Alla grande festa manca lui, Hooky. Non c'è, a quanto pare non ci sarà più, accecato com'è dall'astio nei confronti di Bernard dopo un buon trentennio di musica insieme. Ma gli altri si sono messi l'anima in pace: "Meglio così, non siamo una madre e un padre che devono restare insieme per il bene dei propri pargoli". Ciò che stupisce è che, in fondo, non si sente poi tanto la sua mancanza: non è facile rimpiazzare uno dei bassisti dal suono più riconoscibile degli ultimi quattro decenni, eppure il lavoro di Chapmancha è egregio in ogni brano del lotto.

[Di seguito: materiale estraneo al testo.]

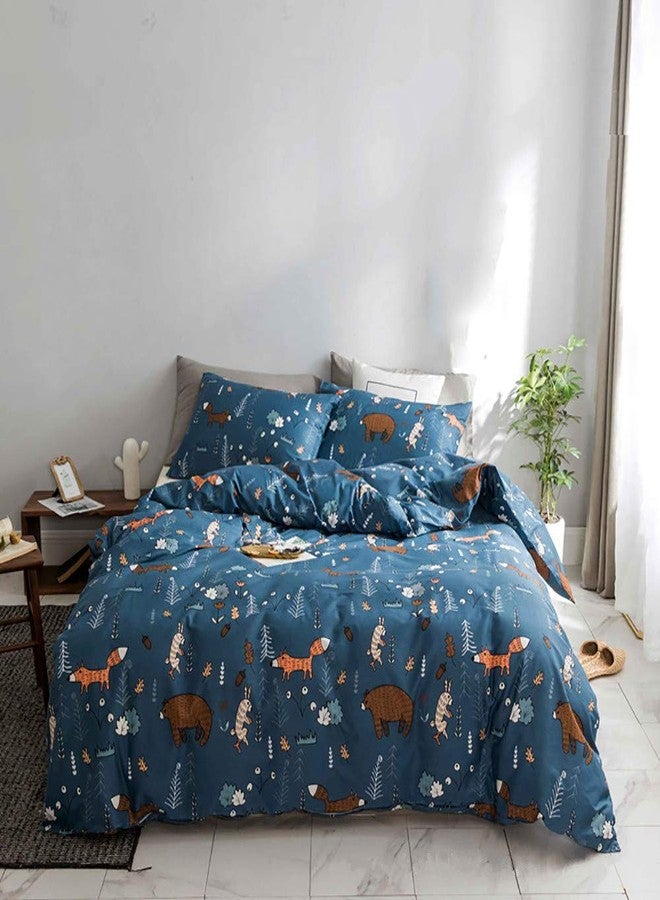 KAREVER Blue Bear Pillowcases Kids Cartoon Pillow Shams Navy Blue Animal Forest Woodland Printed Envelope Pillow Cover Pack of 2 for Boys Girls, Standard Twin/Queen 20''X26'' - Image 3
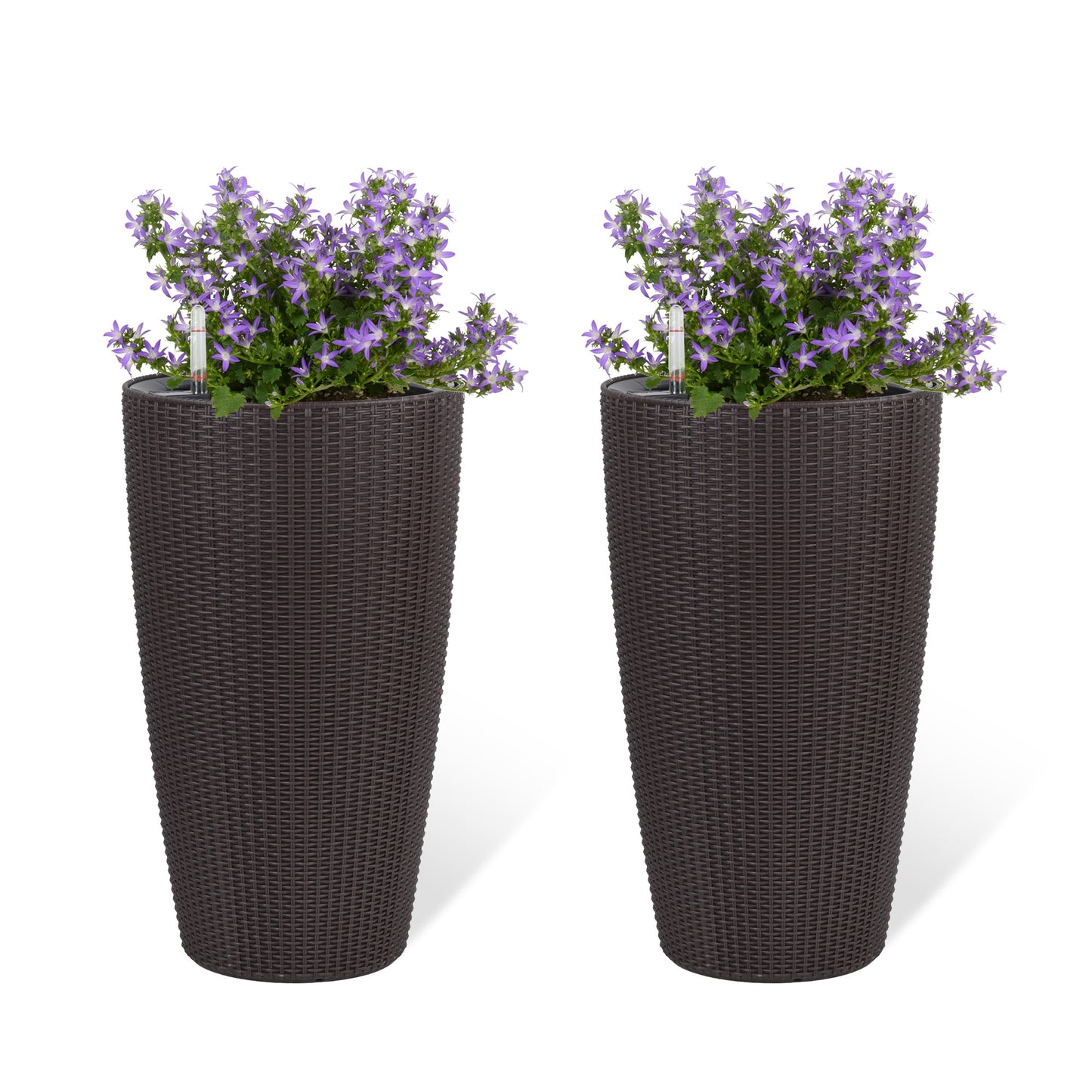 Set Of 2 Faux Rattan Tall Planters Outdoor Indoor Large With Water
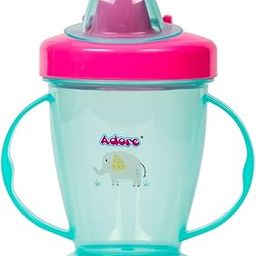 Adore Plastic Birdy Leakproof Spout Sipper for Baby with Handle | 250Ml Baby Water Bottle for 6 to 12 Month Baby | Anti Spill Drinking for Kids | Sipper Cup for Baby & Toddlers (Blue)-picture-20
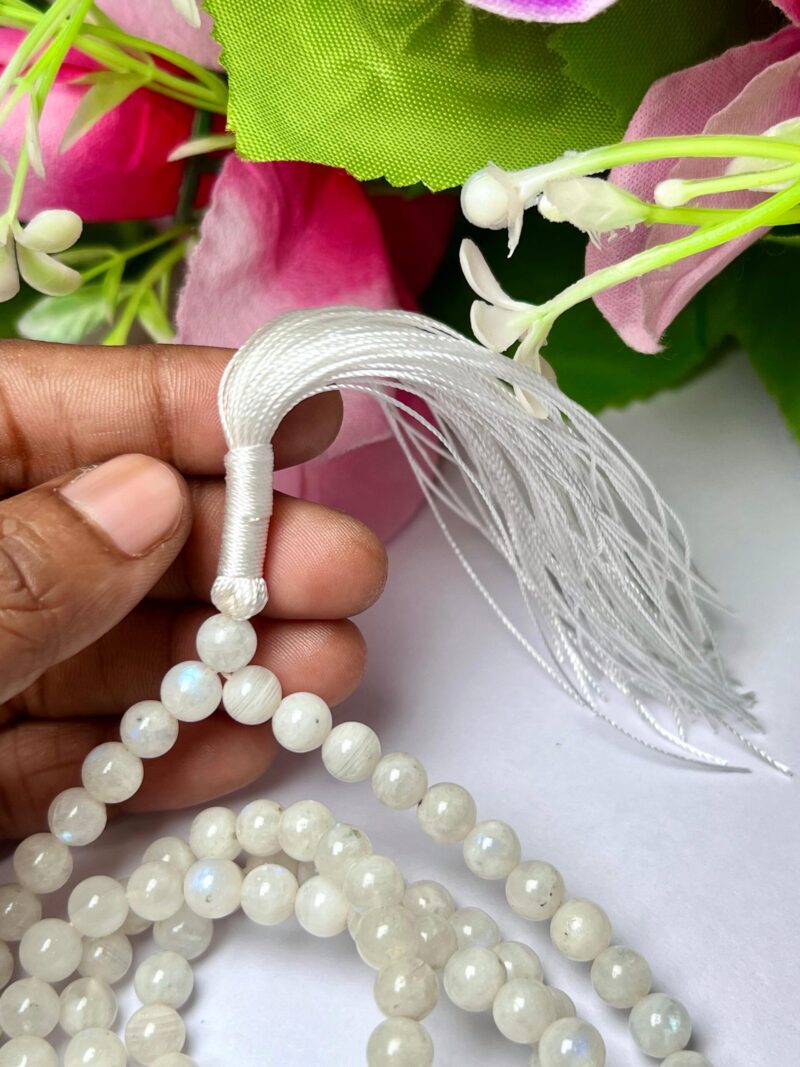 White rainbow moonstone Gemstone (108+1) Round Beads 6 MM ,8 MM Japamala ,Prayer Divine Yoga Meditation Mala, Rosary Mala, Healing Mala, Necklace - Image 8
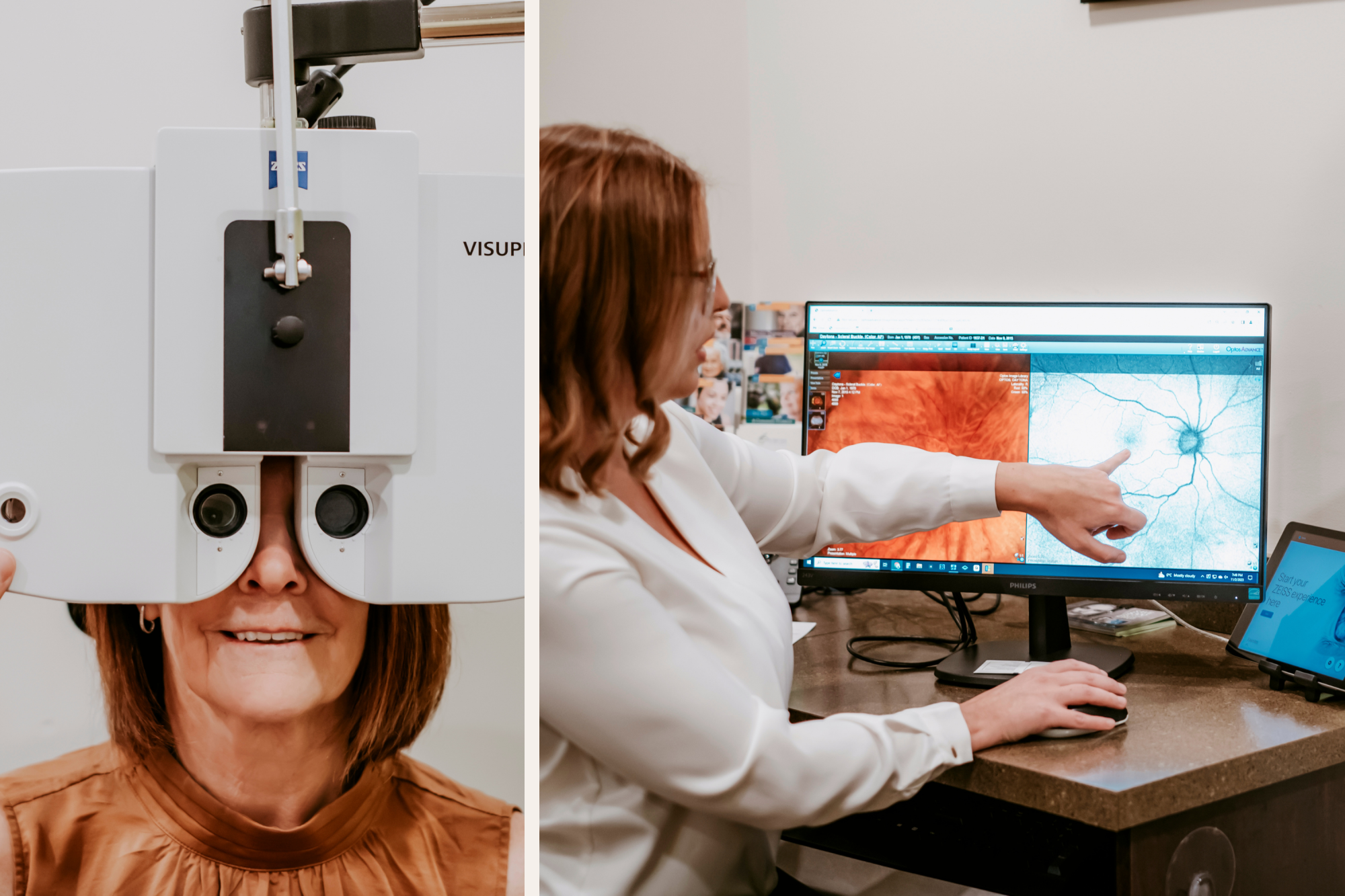 Aurora Eye Care optometrist explaining astigmatism test results to a patient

Il titolo dell'album scherza sulla musique concréte, la copertina di Peter Saville (uno di famiglia, lo sappiamo bene) richiama i tableau degli anni Venti di Piet Mondrian ma il suono è quanto di più fresco e accessibile ci si potesse aspettare. Al contempo squisitamente passatista e incastrata alla perfezione nel presente, "Music Complete" è la solita summa magistrale di riff dolceamari, beat irresistibili, energia creativa e un po' di sano mestiere che viene in soccorso quando si tratta di rendere meno insipido un brano come "Restless" (in debito tanto con "Regret" quanto con la meno datata "Turn"). Poi, che si tratti di un un addio, di un completamento di un percorso o dell'inizio di una nuova fase, poco davvero importa. Sin dal primo ascolto è fin troppo chiaro che i New Order sono di nuovo tra noi, e che se i risultati sono questi conviene tenerceli stretti.